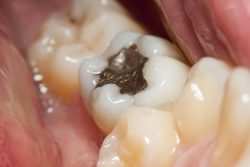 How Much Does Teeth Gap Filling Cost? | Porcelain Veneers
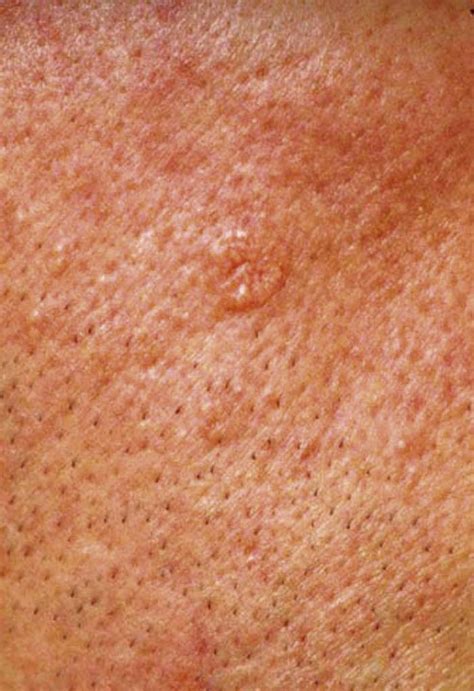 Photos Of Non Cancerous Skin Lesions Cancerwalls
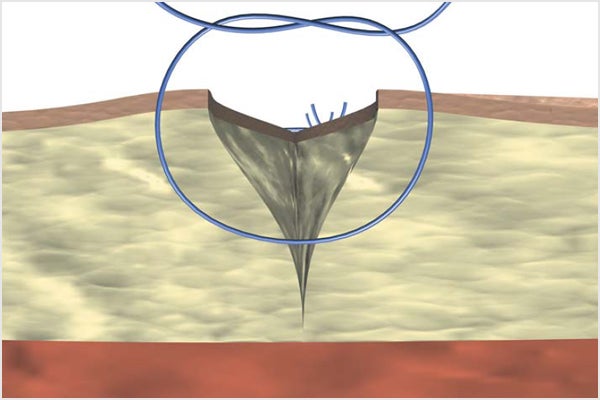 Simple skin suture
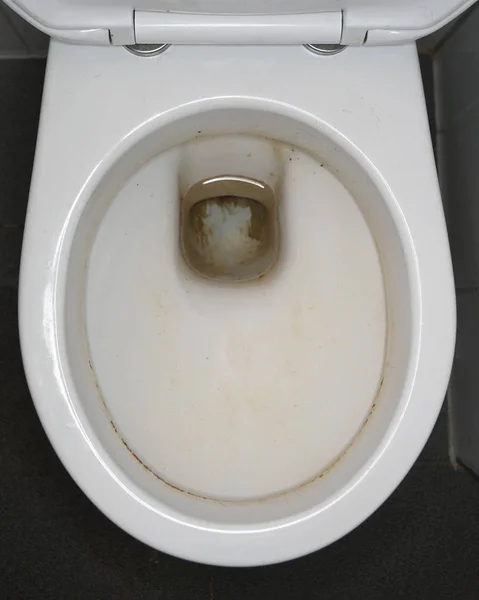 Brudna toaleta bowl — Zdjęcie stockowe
==
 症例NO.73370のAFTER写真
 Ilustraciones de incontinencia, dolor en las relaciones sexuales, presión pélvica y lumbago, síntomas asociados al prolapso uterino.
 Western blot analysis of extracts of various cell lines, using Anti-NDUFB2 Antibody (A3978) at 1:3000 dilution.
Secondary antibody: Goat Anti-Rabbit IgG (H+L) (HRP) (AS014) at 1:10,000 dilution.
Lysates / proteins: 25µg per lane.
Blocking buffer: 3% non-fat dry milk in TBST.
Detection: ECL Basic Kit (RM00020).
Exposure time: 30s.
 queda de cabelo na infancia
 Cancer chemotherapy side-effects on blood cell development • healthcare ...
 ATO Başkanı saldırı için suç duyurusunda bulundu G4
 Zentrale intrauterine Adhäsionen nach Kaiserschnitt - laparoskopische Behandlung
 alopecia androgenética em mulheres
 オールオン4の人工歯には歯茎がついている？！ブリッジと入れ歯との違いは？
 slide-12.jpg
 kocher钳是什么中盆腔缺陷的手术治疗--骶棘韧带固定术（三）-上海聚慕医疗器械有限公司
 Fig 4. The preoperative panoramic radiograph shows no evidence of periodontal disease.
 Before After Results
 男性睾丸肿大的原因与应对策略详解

- YOUR GOAL -
Transcribe only the lines above that start at the line containing "How Much Does" and end at the line containing "Brudna toaleta bowl — Zdjęcie stockowe". Omit pictures.

- THE ANSWER -
 How Much Does Teeth Gap Filling Cost? | Porcelain Veneers
 Photos Of Non Cancerous Skin Lesions Cancerwalls
 Simple skin suture
 Brudna toaleta bowl — Zdjęcie stockowe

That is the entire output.